Depression And ADHD By The Numbers
Years ago on the national speaking circuit I worked with Wyeth, teaching the pharmacologic details to medical colleagues on the office use of antidepressants. I chose to work with Wyeth for the same reason as Shire: My clinical experience with Effexor XR and with Adderall, Vyvanse and Daytrana most often proved superior to other competitive products – and the data, large meta-analytic studies confirmed those office findings.
The Kelsey Score
Missing from those many conversations was an easy way, in the office, to assess clinical depression without performing an entire, state of the research-art review like the Hamilton Depression Inventory. Yes, of the many comorbid conditions most often seen with ADHD, the two most prevalent are 1. Anxiety, and 2. Depression.
Enter my good friend, now passed, Jeff Kelsey, MD PhD, psychopharmacologist and researcher from Emory University in Atlanta. Jeff researched and published an interesting paper years ago, small sample number [about 70 people as I recall], comparing outcomes of this simple scale with the Hamilton Depression Inventory for office use.

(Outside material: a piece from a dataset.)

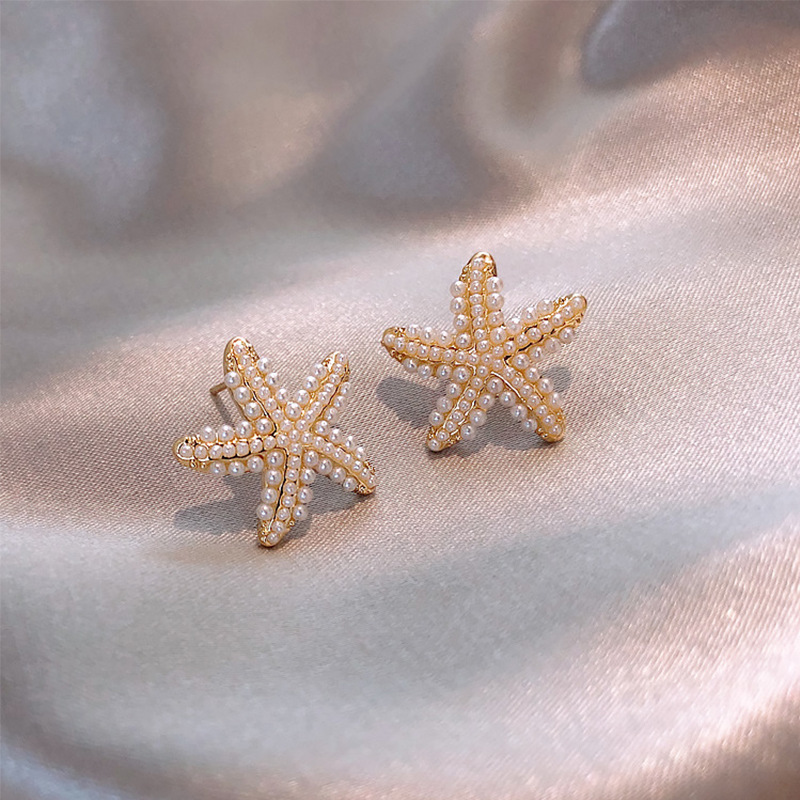 Pendientes de perlas en forma de flor, estrella de mar y de piñas - Imagen 6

“On a scale with 1 at suicidal, feeling that the world is closing in and apathy is overwhelming, to 10 registering as fantastic – how have you been since I last saw you/recently?” In Jeff’s paper: A score of 7 or more, going up, correlated statistically significantly with 7 or less [full remission from depression] on the HAM-D.
As I’ve often pointed out in these CorePsych pages, no answers work every time – but this Kelsey Score proves exceedingly useful to objectify any depression, and works oftentimes to pull away the veil of looking good but feeling like death. My response, and the response I’ve suggested to practitioners for years: if the patient says they’re at a 7 or more, and all else appears well, consider their progress to correlate with remission. As I commented in this post years ago, numbers make more sense than guessing.

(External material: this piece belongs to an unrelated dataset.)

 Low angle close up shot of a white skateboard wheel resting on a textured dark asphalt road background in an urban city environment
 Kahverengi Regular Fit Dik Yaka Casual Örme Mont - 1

Less than 7, especially 5 and below, often does require an increase in antidepressant meds, an assurance they’re working on key conflictual issues in some therapy, and affirming that the structure exists in their life to preclude further deterioration.
I can’t begin to count how many patients have said at the outset of a med check “I’m doing well,” – and we go on to find out they live at a Kelsey 2 or 3. But like anything else in recovery, the Kelsey Scale only works if you work it. Most importantly, it correlates well with years of clinical experience as a helpful office assessment tool, and for those many in psych-denial it does easily correlate with the HAM-D for utilitarian office use.
Jeff would never have appreciated my calling it the Kelsey Scale, he was that kind of guy. Thanks Jeff for your useful contribution, it’s helped many stay on the path for years.